La storia di Marco Pantani, indimenticato campione di ciclismo romagnolo, diventerà un film per il cinema. La casa di produzione Mr. Arkadin Film inizierà il prossimo autunno le riprese del lungometraggio Il Caso Pantani. Prodotto da Mr. Arkadin Film con il contributo di Emilia-Romagna Film Commission e distribuito da Little Studio Films di Los Angeles, il film racconterà gli ultimi anni della vita del “Pirata”.

Ancora oggi, a 14 anni dalla sua tragica scomparsa, Pantani resta uno dei campioni sportivi italiani più amati e popolari. La sua travagliata vicenda personale, giudiziaria e sportiva lascia tuttora ombre e perplessità. È arrivato il momento di riportare alla luce una vicenda umana e sportiva che negli anni ha assunto i tratti del dramma, del complotto e della tragedia. Il Caso Pantani è un noir contemporaneo, un thriller, un film d'inchiesta. È la storia di un uomo, di un romagnolo genuino e tenace, finito in un gioco al massacro che non gli ha dato scampo.

“Ho scritto questo film - spiega il regista Domenico Ciolfi presenta il progetto, che conta già su nomi di spicco del panorama cinematografico italiano, come il direttore della fotografia Agostino Castiglioni e lo scenografo Tonino Zera, vincitore del David di Donatello 2017 - con la ferma volontà di restituire verità, dignità e giustizia a un uomo al quale è stata tolta due volte la vita. Il Caso Pantani non vuole essere solo un film di inchiesta, ma un'indagine intima sulla personalità e sulle emozioni dell'uomo".

Il film e i luoghi

Il Caso Pantani narra gli ultimi cinque anni di vita del "Pirata", quelli che vanno dalla mattina del 5 giugno 1999 a Madonna di Campiglio fino al doloroso epilogo in un residence sul lungomare di Rimini, il 14 febbraio del 2004. Il film nasce da un lungo lavoro di ricerca condotto attraverso le testimonianze dei protagonisti della vicenda, i colleghi e gli avversari dell'indimenticabile campione, i ricordi degli amici e dei familiari, le cronache dei giornalisti che l'hanno conosciuto, gli atti processuali, le decine di racconti ascoltati durante i sopralluoghi in Emilia-Romagna e Trentino.

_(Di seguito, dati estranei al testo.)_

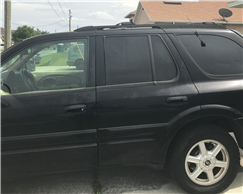 2003 Oldsmobile Bravada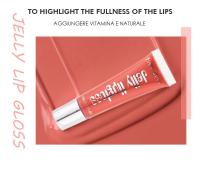 Aceite labial hidratante de espejo, bálsamo labial brillante, cuidado labial, hidratante y nutritivo para labios secos, Natural de larga duración - details 2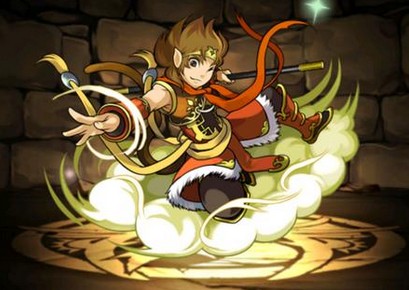 メモリアルガチャ結果15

Il Caso Pantani rappresenta un progetto ambizioso ed affascinante per il territorio romagnolo, la regione sarà infatti la location principale del lungometraggio e questa produzione ne conferma la vocazione cinematografica. Fin dall'inizio del progetto è emersa da parte degli autori l'intenzione e la necessità di girare nei luoghi reali in cui la vicenda è avvenuta: la nativa Cesenatico, i locali della riviera Romagnola e le città di Ravenna e Rimini; le colline e le strade dell'entroterra romagnolo da Coriano al Carpegna, e ancora da Longiano a Predappio, e poi su, fino alla Diga di Ridracoli; le maestose Dolomiti del Brenta, teatro delle imprese del Campione; e ancora Madonna di Campiglio, dove iniziò l'odissea del Pirata, fino ad arrivare al centro di Trento tra le aule del Tribunale.